Zuora in 2017: Leading the Subscription Economy Revolution
2018 | Case No. SM284 | Length 22 pgs.
Long before Spotify had become a household name, and when Netflix was still mailing off DVDs to customers’ homes, Tien Tzuo had foreseen a major transformation in the business world: from one-off sales to subscription business models. He realized that no one was making billing software to serve the complex needs of such companies, so he founded Zuora in 2007 to automate billing, commerce, and finance operations for companies built on a recurring revenue model. Initially, Zuora catered mostly to start-ups, but the world rapidly evolved. By 2017 its customers included companies such as Box, the Financial Times, Ford, GM, GE, Caterpillar, and Zendesk. In 2016, Zuora had crossed a major threshold: $100 million in annual recurring revenue. In 2017, Tzuo could see that Zuora was positioned to hit $300 million, and before then, he believed he would take Zuora public. The company was growing rapidly, and Tzuo had begun that he needed to approach this next phase of scaling more deliberately than he had with Zuora’s early growth. “A company that is going from $100 million to $300 million has to be different than a company going from $30 million to $100 million,” said Tzuo. “That $30 million to $100 million was a sprint; making the transition from $30 million, we were not so thoughtful. I wanted to be more thoughtful this time.” In 2014, Tzuo had identified four major areas in which the company needed to transform: sales, finance, products, and people. Tzuo knew the transformation plan meant he would have to make a wave of leadership changes, managing hirings and terminations. And he would have to change his own leadership style to match the company’s increasing size. Meanwhile, he had to think strategically about how Zuora could fend off challenges both from software behemoths like Salesforce.com and Oracle, and nimble upstarts. To successfully IPO, and satisfy investors over the long term, Tzuo knew that Zuora had to deliver consistency and predictability. “What’s at the top of my mind is how do we build predictability into the machine?” he said. “Can we build a company that just consistently is very boring, that delivers 30 percent annual growth over the next decade?”
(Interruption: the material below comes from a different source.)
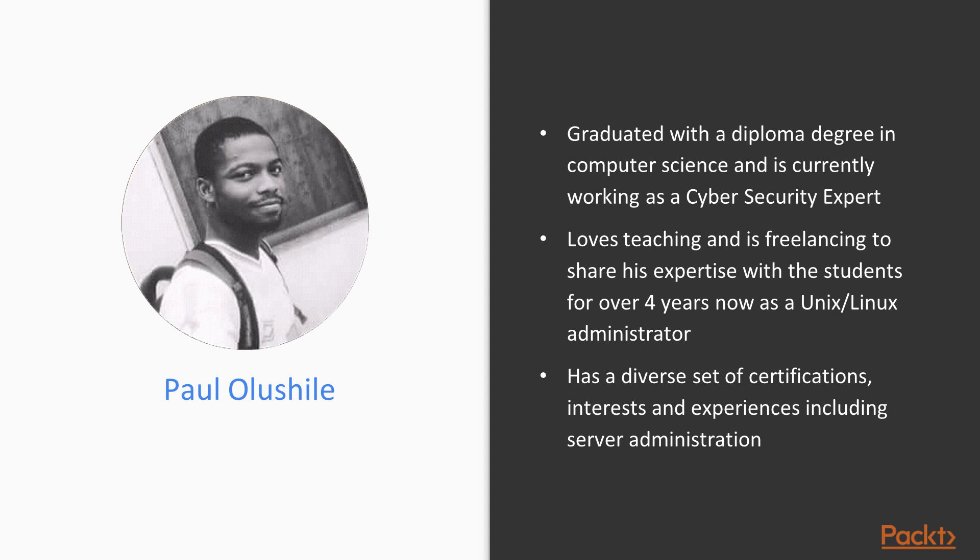I teach, I freelance, and I have over four years as a Unix and Linux administrator.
Learning ObjectiveThis case prompts students to consider the structural and leadership changes necessary as a company grows from a three-tier to a five-tier organization and contemplates going public. Taking the vantage point of a CEO, the case looks at areas including scaling sales, improving employee leadership skills, advancing the company’s technology development, and developing more robust in-house financial and legal teams. The case also examines how this software-as-a-service business needs to position itself in the marketplace vis-à-vis larger competitors and smaller, more niche upstarts.